Lessons Learned
Trimethylsilyl azide explosion and injury incident at University of Minnesota
Incident
On Tuesday, June 17, 2014, a 5th-year chemistry graduate student was working on a procedure to generate trimethylsilyl azide in a fume hood. The procedure was a modification of several previously published versions.[1] An explosion occurred, after which the student was taken to a hospital for burns and wounds from glass shards. (Comment: The student was released from the hospital and returned to work the next week.) The blast broke all sides of the fume hood, damaged the neighboring hood and broke an exterior window. No secondary fires or other chemical spills occurred.
Investigation
Following the incident, the Department of Chemistry in conjunction with the Department of Environmental Health and Safety conducted a thorough investigation. The investigation consisted of a series of in-person interviews, meetings, and email requests. The incident has been evaluated for contributing factors and root causes and finally recommendations for corrective and preventive actions. The full details of the investigation are being tabulated and will be prepared for publication to further share our learnings.

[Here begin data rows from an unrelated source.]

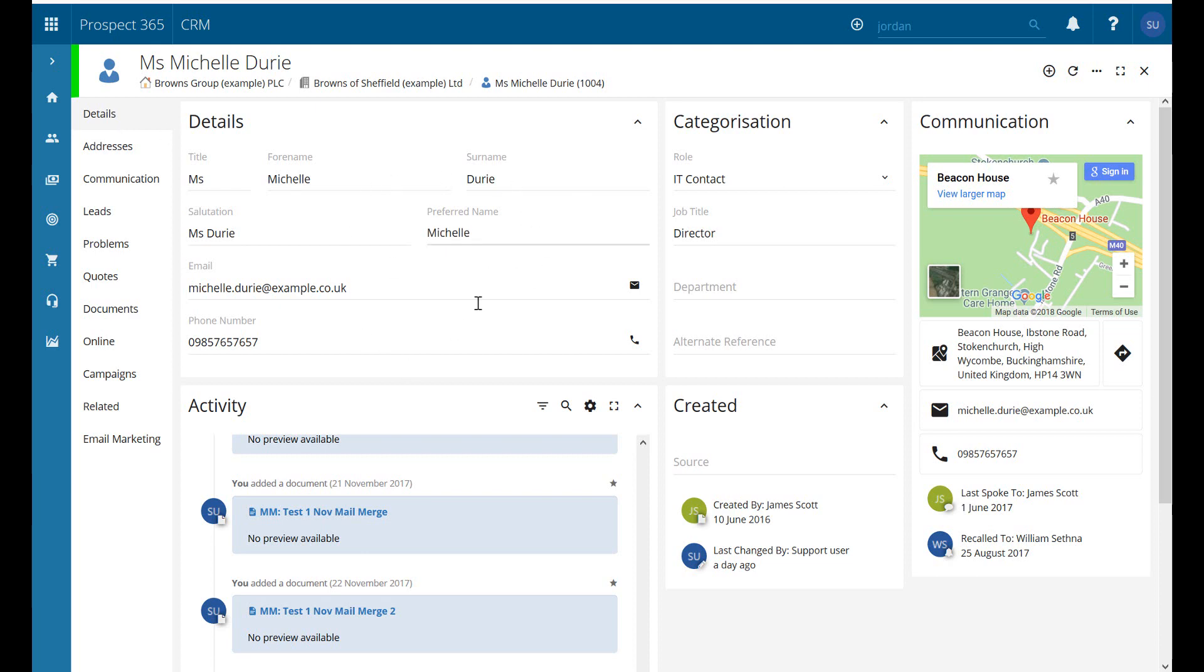This first section contains all the name information we've put in previously, we've got an email address and we've got a phone number.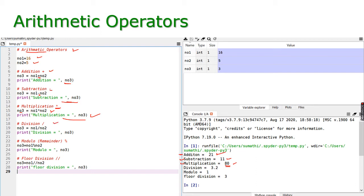The next one is division operator. Number one divided by number two, stored in number three — the result is 3.2. Division will give a float value. For modulo or remainder, we use the percentage sign. Number one percentage number two gives only the remainder, which is 1, because 16 divided by 5 gives quotient 3 and remainder 1.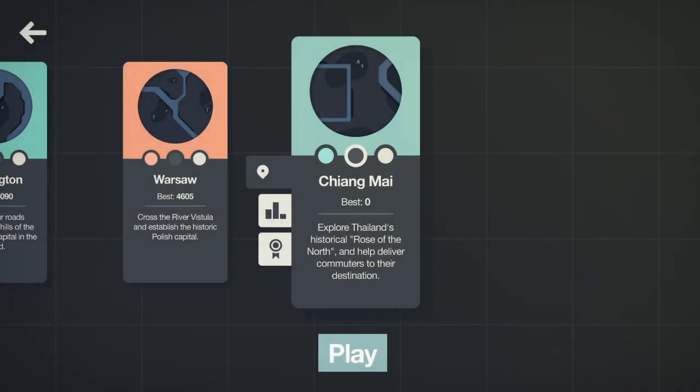After clearing Warsaw, we're on to Chiang Mai, Thailand's historical Rose of the North. Don't know what that means for this, but of course I'm really tempted to check this out.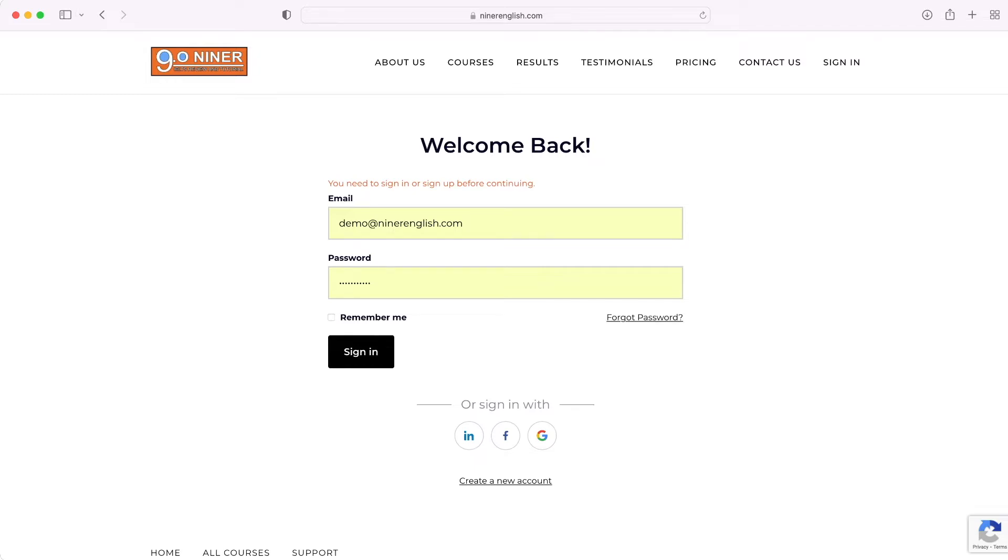If you experience problems logging in or have forgotten your password, you can click on the 'Forgot Password' option or send us an email to reset your password manually. Our email is support@ninerenglish.com. I'm going to log in now using my credentials and click 'Remember Me' so I wouldn't have to log in again.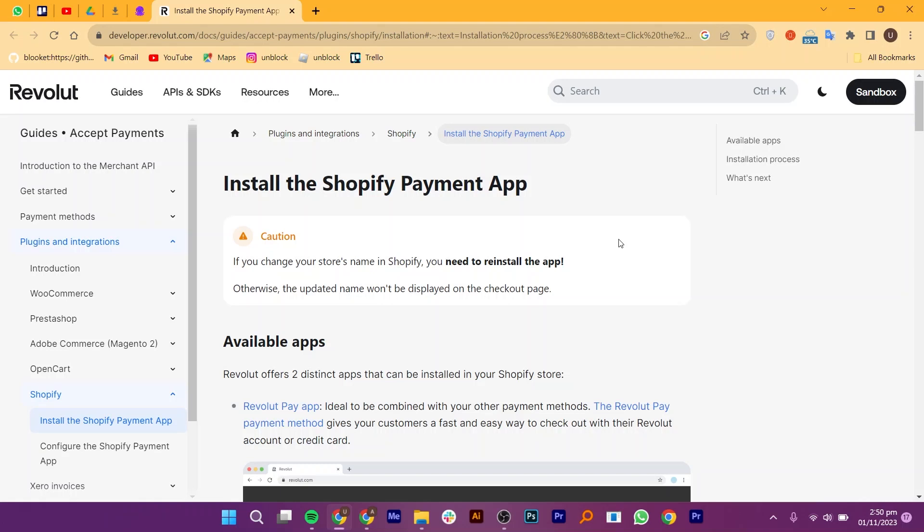Connecting Revolut to Shopify is very easy. Today I'm going to show you how to do it. Click on Install the Shopify Payment App.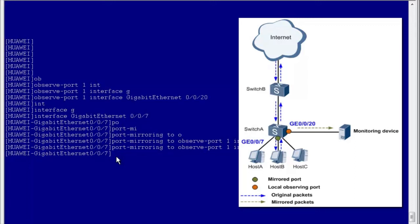In the next example, we will use Wireshark, a commonly used packet analyzer software, to demonstrate how the monitoring device obtains mirrored packets.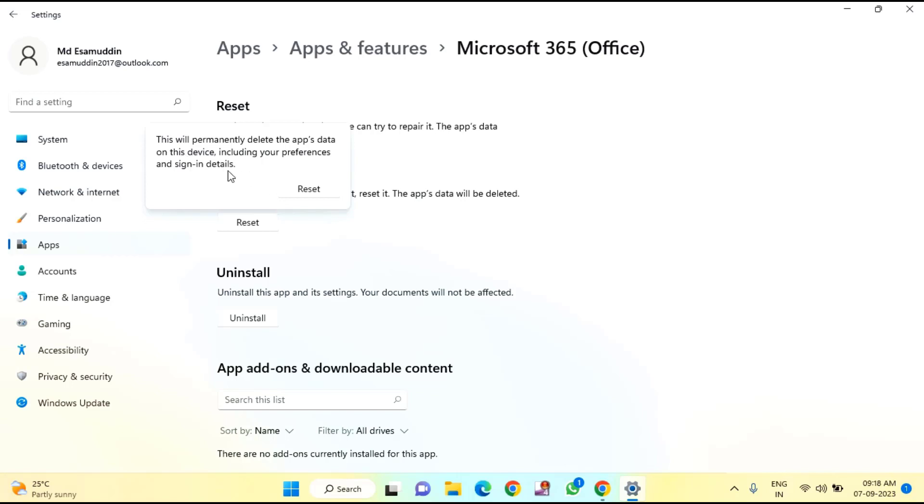Before clicking Reset, make sure you remember your Roblox user ID and password. This will permanently delete the app's data on this device, including your preferences and sign-in details. After reading this warning, click on Reset.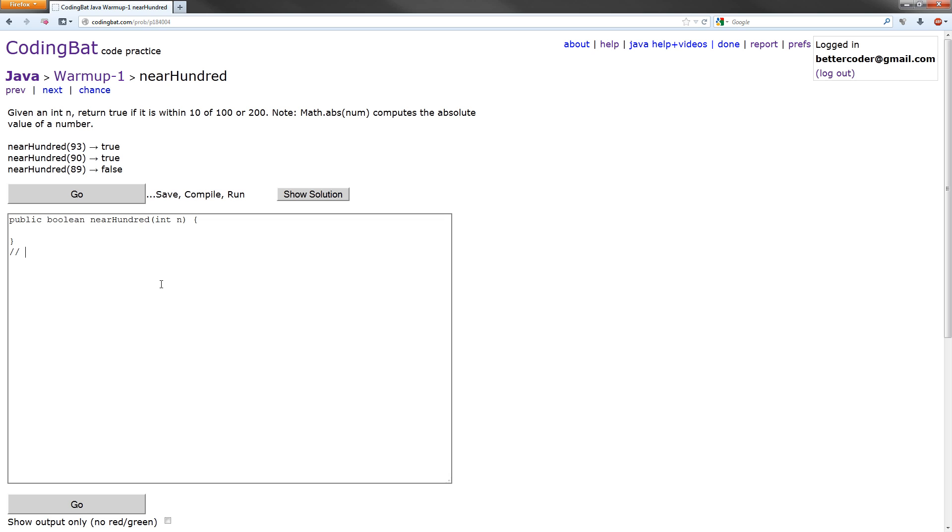What we want to do is return true if the difference between n and 100 is 10 or below. So, the way to find the difference as a positive value is using math.abs, and then we want to do n minus 100, and that will get the difference between them. And the math.abs will put it into a positive number, and we want to find if it's less than or equal to 10.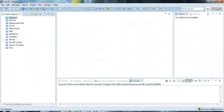Hello, this is John from caveofprogramming.com and in this tutorial we're going to look at the important web.xml file. We're going to need to know about this before we go on to looking at deploying web applications on the internet and on local machines.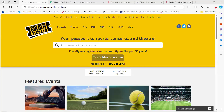Good evening, everyone. Welcome. For those of you that don't know me, my name is Courtney Sharples. I am the Platinum Leader of Team Twilight. Today we're going to go ahead and go over affiliate links — where you can find them in order to post them on your social media platforms.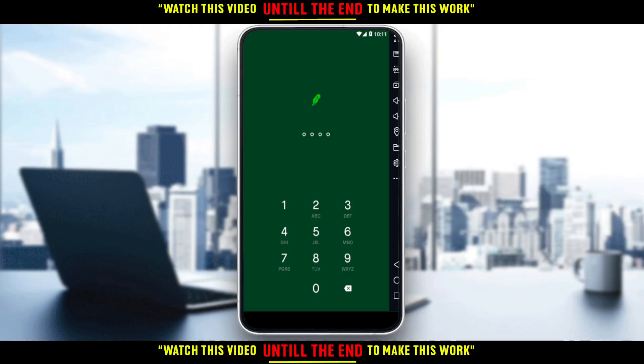First of all, all you need to do is go and download the Robinhood application on your phone, if you don't have it. You can do that through the Play Store if you're using an Android, or the App Store if you're using an iPhone, or any other store you could possibly be using.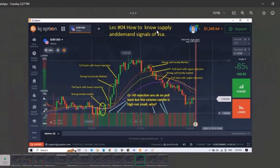Lecture 4: supply and demand. How we understand this — when bullish candlesticks form in the market, that is the demand. When bearish candlesticks form in the market, that is supply.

It is impossible to definitively know the direct cause of the release of energy. However, we believe the most likely direct cause was either the formation and detonation of hydrazoic acid or overheating of sodium azide. Hydrazoic acid could have formed if water was introduced during the chemical synthesis. More detailed chemistry information specific to the incident will be covered at the The Safety Zone by Chemical and Engineering News, and a good starting point is Explosion injures University of Minnesota graduate student.
Root Causes
The contributing factors identified during the investigation revealed several opportunities for improvement. After careful analysis of these factors, we’ve concluded that the primary root causes revolve around hazard evaluation.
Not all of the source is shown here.